> What is needed
Exclude the pictures, then quote exactly the lines from the one holding "Barbour W's Cropped Beadnell Waxed Jacket" through the last line of the records.

> Task input
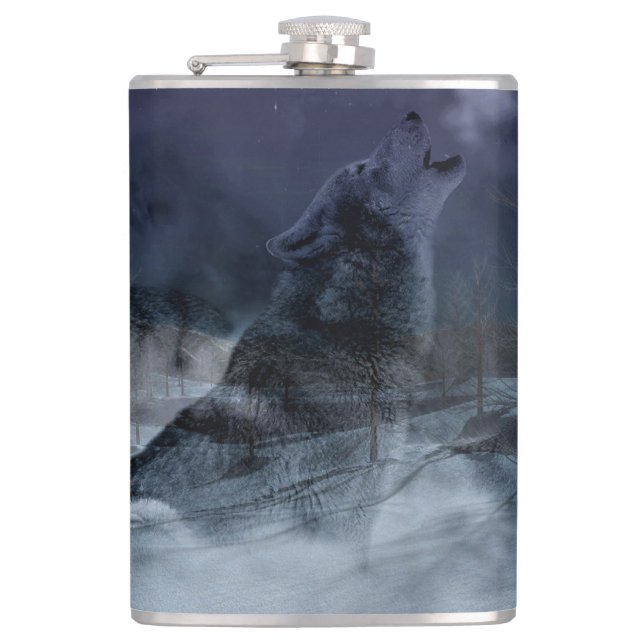 Wolf Spirits Howling Flask (Front)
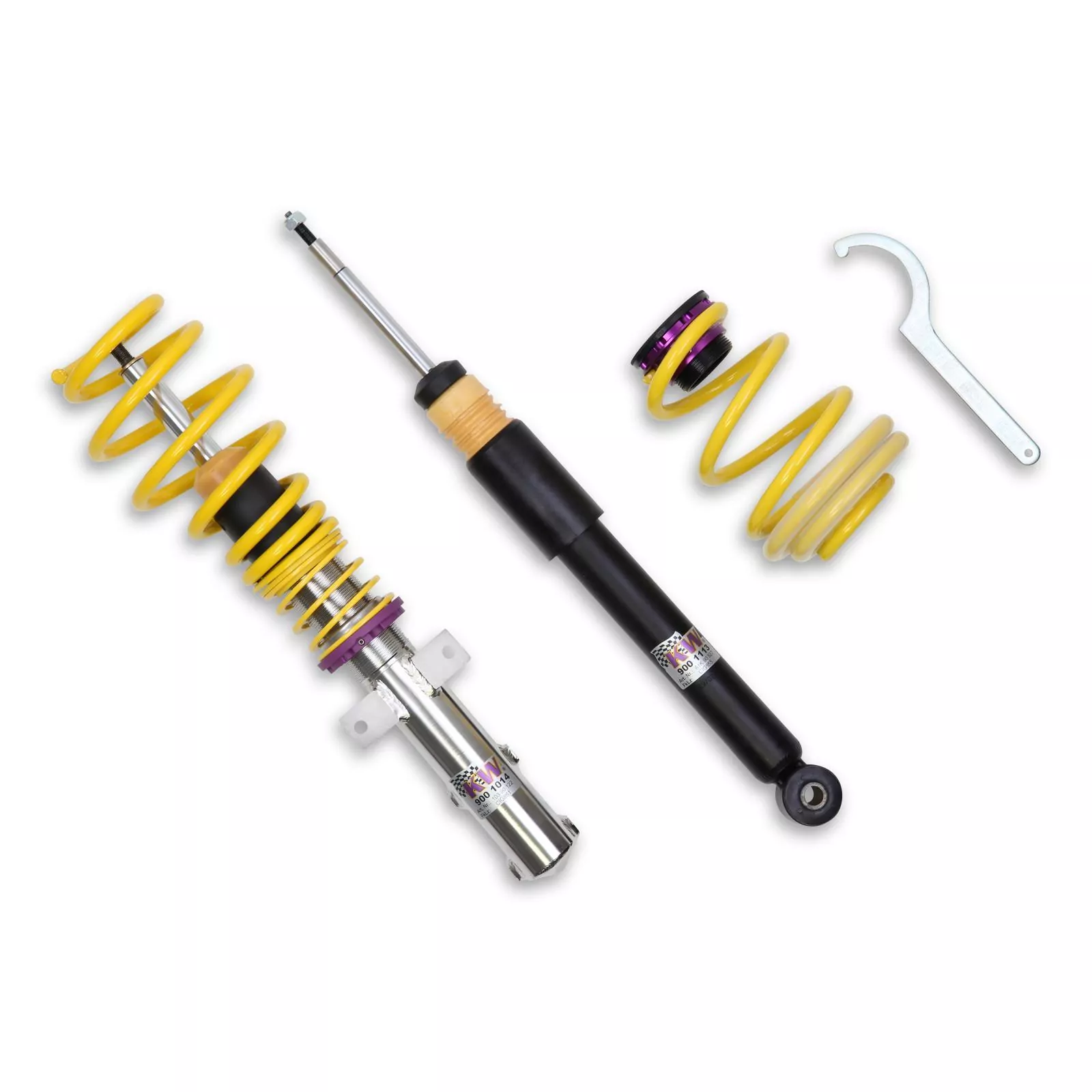 KW Gewindefahrwerk V1 inox RENAULT CLIO III (BR0/1, CR0/1) 01/2005-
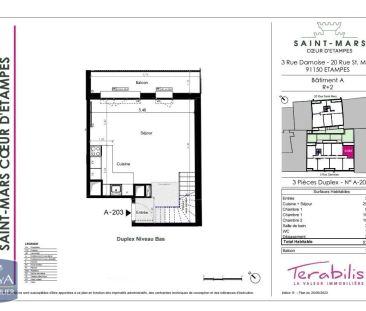 Appartement à louer 3 pièces 57.8m² - Photo 4
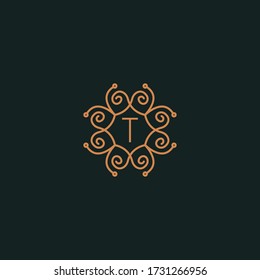 Letter T logo design. T monogram logo - vector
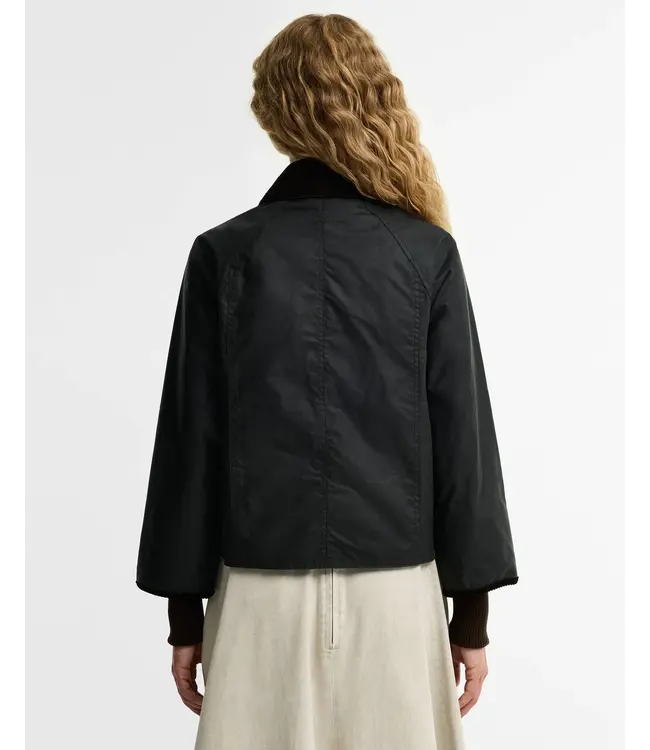 Barbour W's Cropped Beadnell Waxed Jacket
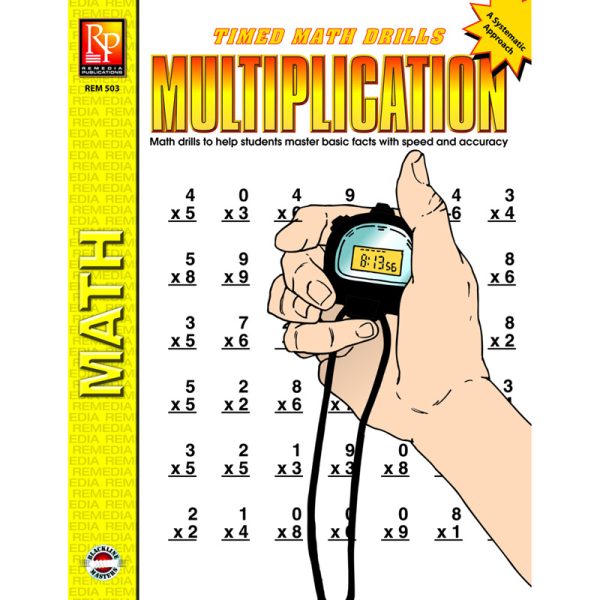 Timed Math Drills: Multiplication Workbook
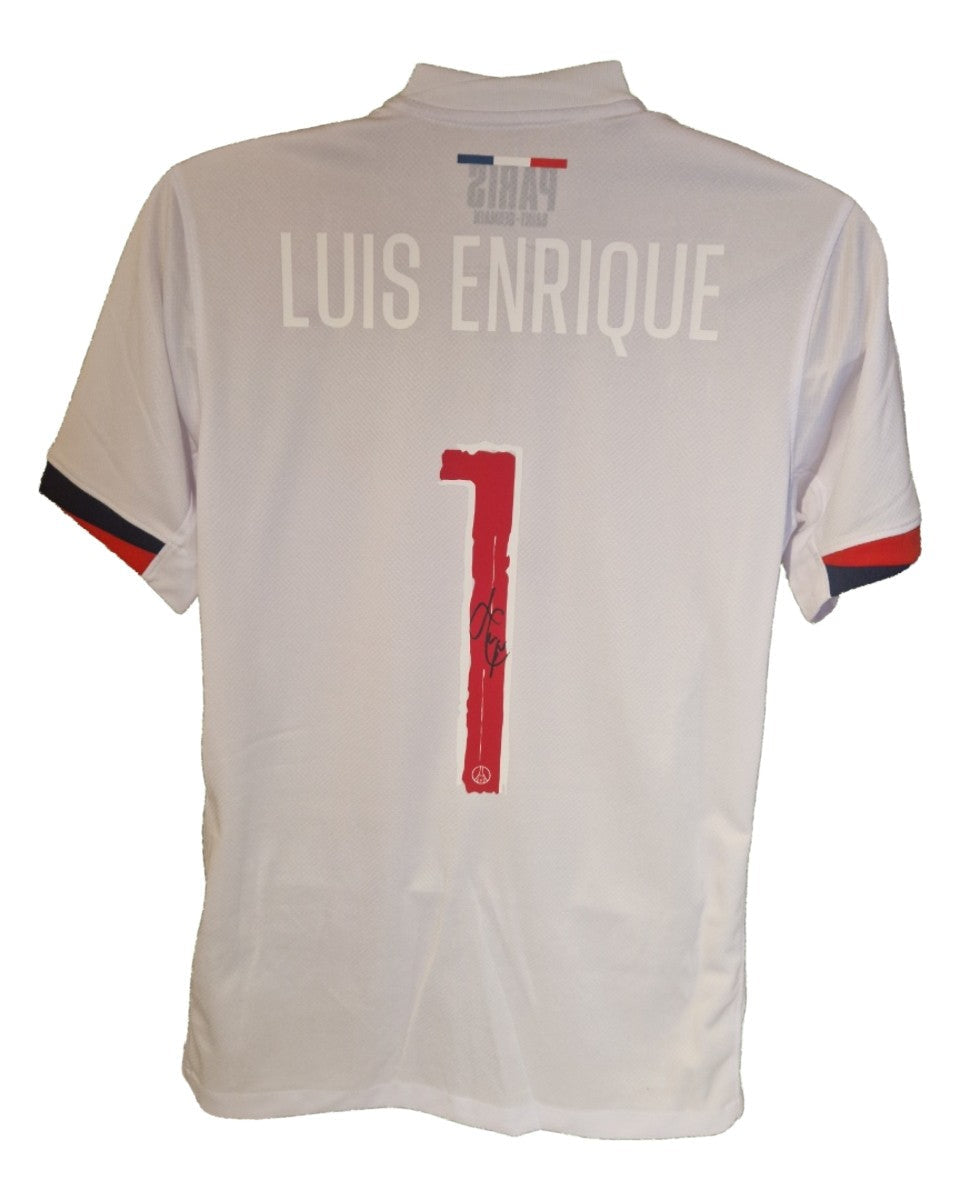 Luis Enrique Signed PSG 2024-25 Away Football Shirt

> Finished task
 Barbour W's Cropped Beadnell Waxed Jacket
 Timed Math Drills: Multiplication Workbook
 Luis Enrique Signed PSG 2024-25 Away Football Shirt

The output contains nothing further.